## What is required
Exactly the lines from the one with "Ford Focus Estate" to the end of the data below should be set down, and no others.
Top of Provided records
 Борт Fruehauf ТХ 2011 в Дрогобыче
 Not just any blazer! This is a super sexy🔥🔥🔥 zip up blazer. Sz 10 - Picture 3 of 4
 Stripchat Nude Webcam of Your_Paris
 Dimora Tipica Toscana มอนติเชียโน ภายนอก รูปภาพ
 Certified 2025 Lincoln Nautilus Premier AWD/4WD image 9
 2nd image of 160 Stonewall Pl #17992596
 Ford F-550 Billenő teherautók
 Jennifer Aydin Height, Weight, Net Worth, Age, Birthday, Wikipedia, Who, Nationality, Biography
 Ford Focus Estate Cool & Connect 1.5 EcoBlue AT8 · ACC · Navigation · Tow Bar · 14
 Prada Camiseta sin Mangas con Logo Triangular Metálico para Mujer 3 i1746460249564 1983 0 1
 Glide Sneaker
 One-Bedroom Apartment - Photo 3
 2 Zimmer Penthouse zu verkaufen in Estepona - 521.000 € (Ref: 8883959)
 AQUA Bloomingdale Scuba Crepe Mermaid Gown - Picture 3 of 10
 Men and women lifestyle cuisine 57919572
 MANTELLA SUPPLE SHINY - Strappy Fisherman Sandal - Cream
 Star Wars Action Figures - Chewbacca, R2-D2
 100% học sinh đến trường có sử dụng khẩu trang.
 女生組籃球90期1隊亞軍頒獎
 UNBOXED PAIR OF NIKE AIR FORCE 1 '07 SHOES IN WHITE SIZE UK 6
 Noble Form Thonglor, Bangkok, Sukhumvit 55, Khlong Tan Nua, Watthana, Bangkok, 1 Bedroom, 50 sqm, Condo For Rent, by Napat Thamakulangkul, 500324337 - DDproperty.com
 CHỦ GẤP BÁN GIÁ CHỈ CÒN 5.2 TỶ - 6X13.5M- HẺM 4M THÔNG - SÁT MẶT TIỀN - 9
Bottom of Provided records
## Reply to the task
 Ford Focus Estate Cool & Connect 1.5 EcoBlue AT8 · ACC · Navigation · Tow Bar · 14
 Prada Camiseta sin Mangas con Logo Triangular Metálico para Mujer 3 i1746460249564 1983 0 1
 Glide Sneaker
 One-Bedroom Apartment - Photo 3
 2 Zimmer Penthouse zu verkaufen in Estepona - 521.000 € (Ref: 8883959)
 AQUA Bloomingdale Scuba Crepe Mermaid Gown - Picture 3 of 10
 Men and women lifestyle cuisine 57919572
 MANTELLA SUPPLE SHINY - Strappy Fisherman Sandal - Cream
 Star Wars Action Figures - Chewbacca, R2-D2
 100% học sinh đến trường có sử dụng khẩu trang.
 女生組籃球90期1隊亞軍頒獎
 UNBOXED PAIR OF NIKE AIR FORCE 1 '07 SHOES IN WHITE SIZE UK 6
 Noble Form Thonglor, Bangkok, Sukhumvit 55, Khlong Tan Nua, Watthana, Bangkok, 1 Bedroom, 50 sqm, Condo For Rent, by Napat Thamakulangkul, 500324337 - DDproperty.com
 CHỦ GẤP BÁN GIÁ CHỈ CÒN 5.2 TỶ - 6X13.5M- HẺM 4M THÔNG - SÁT MẶT TIỀN - 9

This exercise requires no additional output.